Моя тюрьма цвета сливочного масла уменьшается в размерах; казалось, стены теперь ближе ко мне, чем пять минут назад. Обычно это предвещает близкий приступ паники. Раньше они случались редко, но в последнее время участились. Лучший способ избежать полномасштабного срыва – сделать то, что мне совсем не хочется: рассказать о свиданиях. Вспомнить, что жизнь продолжается. Не поддаваться панике, что бы ее ни вызвало. И я сдаюсь.
– Есть один парень… Симпатичный. Умный. Веселый. Симпатичный… это я уже говорил, да? Ну, его внешность того стоит. Просто я понятия не имею, интересуется он или нет.
– Вами.
– Нет, искусством кукловода, – я скрещиваю руки на груди оборонительным жестом. – Конечно, мной. Мы договорились встретиться во второй раз. Было здорово.
Дурь какая. О чем мне надо поговорить, так это об осьминоге, но думать о нем нельзя. Чтобы не поддаваться панике.
– Но я так и не понял. Заинтересован он или нет. ВО МНЕ. И я решил дождаться момента, когда мы будем прощаться после второго свидания: если он попробует поцеловать меня – это знак. А если попытается обнять, я не стану отстраняться первым.

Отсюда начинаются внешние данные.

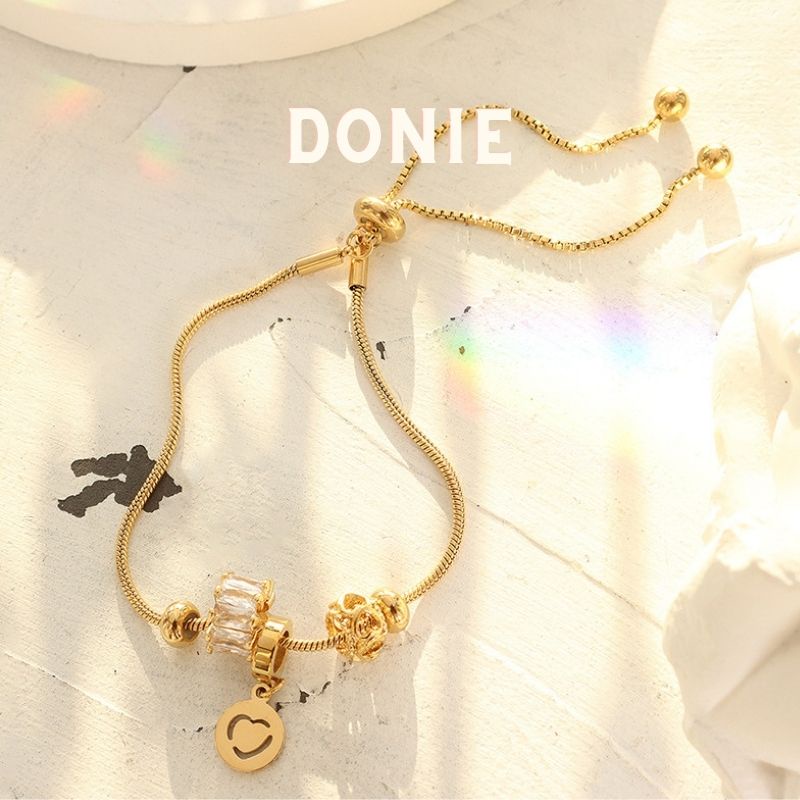 Vòng Tay Nữ, Lắc Tay Nữ Hạt Charm Trái Tim Dây Rút Dễ Điều Chỉnh Độ Rộng. | BigBuy360 - bigbuy360.vn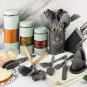 Lemuna 18Pcs Silicone Kitchen Utensils Set, Kitchen Cooking Utensils Set with Ho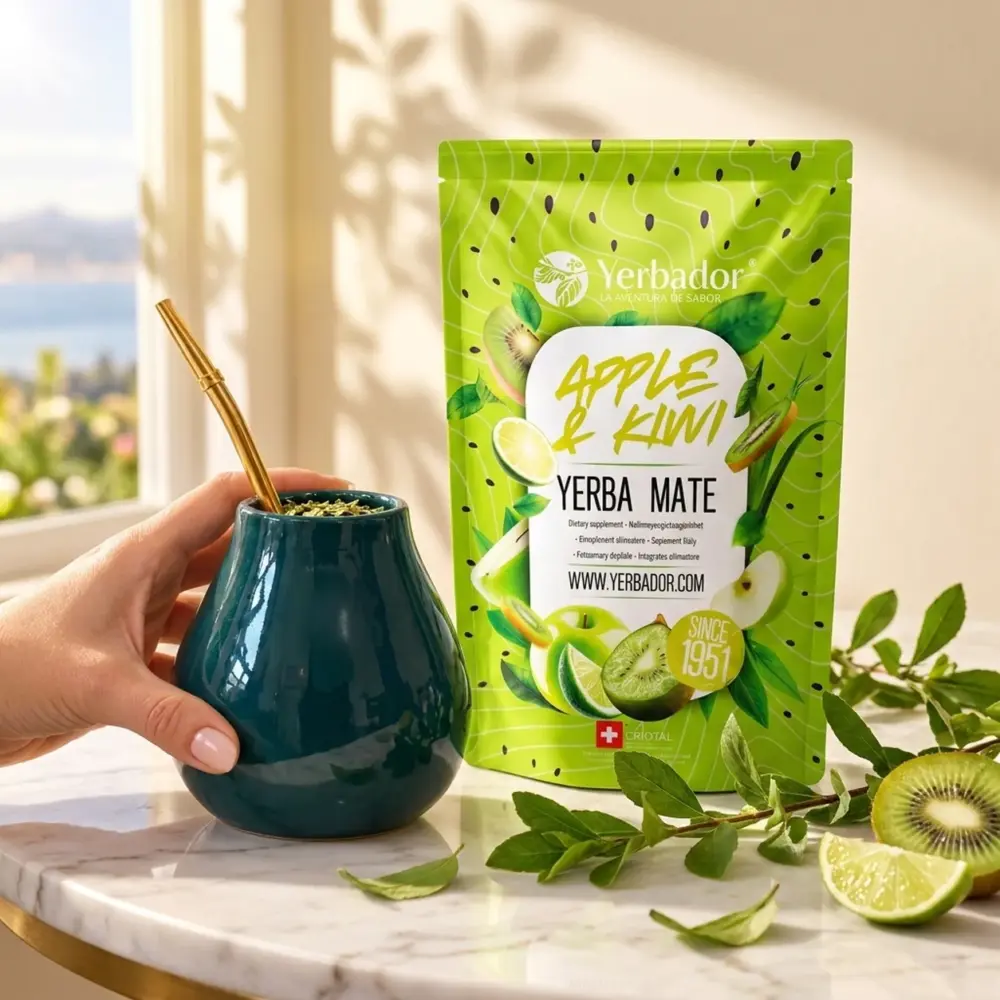 YERBA MATE – APPLE & KIWI + BUKOWY NABIERAK YERBA MATE – APPLE & KIWI + BUKOWY NABIERAK — propozycja podania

Довольный своим решением, я указываю на собственную голову, как будто она служит не просто вешалкой для шляп. Потом вдруг соображаю, что осьминог, возможно, прячется у меня на голове, ведь он почему-то предпочитает головы, и старательно ощупываю ее со всех сторон. Джейн наблюдает эту картину так, словно со мной приключился припадок слабоумия, но тем не менее продолжает:
– Умно. Таким способом можно определить, какого рода эти объятия – дружеские или романтические. И что же было дальше?
– Я отстранился первым.
Дженни разочарованно смотрит на меня.
Тоном оправдания:
– Ну, он ведь тоже не стал отстраняться первым, вот мы и стояли, прислонившись друг к другу, словно нас обоих хватил удар!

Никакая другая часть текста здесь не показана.